I don't feel that I am unique among writers in feeling this way. My views on writing are a little behind the times in terms of things such as attributing a quote to someone and not including cursing in every third sentence. I'm pretty set in my ways. And I know I'm sacrificing chances to actually make a name for myself by sticking to what I like and what I believe in.
There are strong arguments to be made in either direction.
Polonius tells us in Hamlet: "To thine own self be true." Personally, I would find a lot more satisfaction in making it against the odds as a writer by continuing to do my own thing. It would serve as validation that my talent as a writer transcends pop culture and is actually quite good.
On the other hand, thumbing your nose at an audience is a good way to lose an audience. I use the musician Neil Young as a case study. After scoring his biggest hit in "Heart of Gold", he didn't really make another record like Harvest (on which Heart of Gold appears). It's hard to say whether it was intentional on his part. But his insistence on making music that he wants to make kept him off the charts for long years between hits.
I do not profess to be an expert, but my observations at this point among writing circles are that there are a ton of writers focused on Young Adult (YA) and Fantasy writing these days. The reasons might be more complex than this, but this is the generation that grew up with Harry Potter, one of the seminal collections and examples of this genre.
It doesn't help that series such as Twilight have also scored huge success, it validates the idea that people really want stories with fantastical elements that focus on coming of age. These two franchises alone account for several billion dollars of audience money fed into the respective author's bank accounts.
For those of us who are not necessarily interested in worlds with vampires and/or wizards, it seems like selling out to write stories in these genres. If you're talented, you could produce works in these genres that become popular, and make you rich.
Personally, I have a very hard time doing this. I don't discount the talent of someone like J.K. Rowling, but I just don't know if my audience is the same as her audience. I find myself reticent to want to wade into the crowded waters of these genres for the sake of making a name for myself.
One of the things I would fear is creating the expectation that I am going to continue to write in that genre. J.K. Rowling might want to write a science-fiction tale or a horror story, but she is probably somewhat limited in being able to do so. She's made her publisher a lot of money, and they certainly would want her to continue to do so. Name recognition will sell a few of her books, but there's always going to be a throng of people buying them in the hope of learning more about the universe she's created. They would be very disappointed if her newest book were a political thriller without the slightest hint of magic, even if it was spectacularly written.

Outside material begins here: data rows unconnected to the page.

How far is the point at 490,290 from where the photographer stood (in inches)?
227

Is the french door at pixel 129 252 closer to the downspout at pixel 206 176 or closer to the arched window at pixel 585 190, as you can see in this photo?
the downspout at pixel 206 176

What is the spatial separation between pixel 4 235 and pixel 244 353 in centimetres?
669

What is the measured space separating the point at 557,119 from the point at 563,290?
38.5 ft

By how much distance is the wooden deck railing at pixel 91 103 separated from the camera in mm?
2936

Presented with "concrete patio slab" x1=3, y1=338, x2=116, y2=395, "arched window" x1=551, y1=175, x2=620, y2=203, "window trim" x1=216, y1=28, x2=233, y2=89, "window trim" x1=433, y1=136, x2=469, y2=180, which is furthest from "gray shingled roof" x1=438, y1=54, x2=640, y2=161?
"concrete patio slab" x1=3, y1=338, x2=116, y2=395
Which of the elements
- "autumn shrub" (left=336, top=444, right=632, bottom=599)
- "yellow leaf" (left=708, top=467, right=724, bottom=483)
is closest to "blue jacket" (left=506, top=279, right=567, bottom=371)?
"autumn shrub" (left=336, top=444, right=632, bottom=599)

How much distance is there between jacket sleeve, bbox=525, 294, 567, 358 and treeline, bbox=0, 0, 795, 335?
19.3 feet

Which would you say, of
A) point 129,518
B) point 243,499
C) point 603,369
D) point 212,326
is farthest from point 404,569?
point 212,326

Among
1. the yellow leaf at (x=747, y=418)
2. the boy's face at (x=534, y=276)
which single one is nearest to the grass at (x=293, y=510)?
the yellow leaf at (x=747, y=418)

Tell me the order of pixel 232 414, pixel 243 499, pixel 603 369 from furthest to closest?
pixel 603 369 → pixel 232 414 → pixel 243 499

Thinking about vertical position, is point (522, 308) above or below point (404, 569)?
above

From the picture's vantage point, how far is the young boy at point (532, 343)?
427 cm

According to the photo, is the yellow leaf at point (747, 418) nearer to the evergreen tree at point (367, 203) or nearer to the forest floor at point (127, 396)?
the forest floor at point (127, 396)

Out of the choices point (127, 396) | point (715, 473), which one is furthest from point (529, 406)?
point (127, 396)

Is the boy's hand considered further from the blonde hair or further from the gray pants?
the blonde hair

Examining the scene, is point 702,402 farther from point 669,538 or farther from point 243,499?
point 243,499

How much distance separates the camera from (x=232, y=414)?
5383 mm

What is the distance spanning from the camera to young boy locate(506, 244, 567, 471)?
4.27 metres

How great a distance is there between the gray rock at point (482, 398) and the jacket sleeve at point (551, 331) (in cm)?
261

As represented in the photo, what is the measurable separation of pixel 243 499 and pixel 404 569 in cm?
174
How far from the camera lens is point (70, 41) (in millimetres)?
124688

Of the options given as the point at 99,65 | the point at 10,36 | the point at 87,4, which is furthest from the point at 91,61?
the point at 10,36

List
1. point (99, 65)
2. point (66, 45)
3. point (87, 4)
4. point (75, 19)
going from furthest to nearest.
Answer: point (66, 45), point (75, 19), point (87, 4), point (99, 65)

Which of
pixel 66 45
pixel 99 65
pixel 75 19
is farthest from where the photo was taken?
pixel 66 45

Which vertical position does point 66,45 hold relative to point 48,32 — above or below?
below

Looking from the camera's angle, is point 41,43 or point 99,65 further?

I happen to believe in building your own audience more than I want to become famous. I know I could write great fantasy stories if I wanted to, but I just don't want to. I totally understand that the audience wanting more fantasy stories is much bigger than the ones who want sci-fi or historical fiction, but I love writing in those genres. It's also a much smaller pond in which to try to be a big fish.
It's not hard to understand arguments for "selling out" from an artistic standpoint. It would be nice to walk away from my day job and be a writer. It would be nice to sell one book so well that I would never have to work again for as long as I live.
But in the end I have to ask myself, would being rich and famous make me happy and feel like I have accomplished my goals as a writer? Or do I want to grind it out in relative obscurity, knowing that I enjoy what I'm writing?
It's a spiritual crisis that every artist faces, and I don't think there's a wrong answer to it.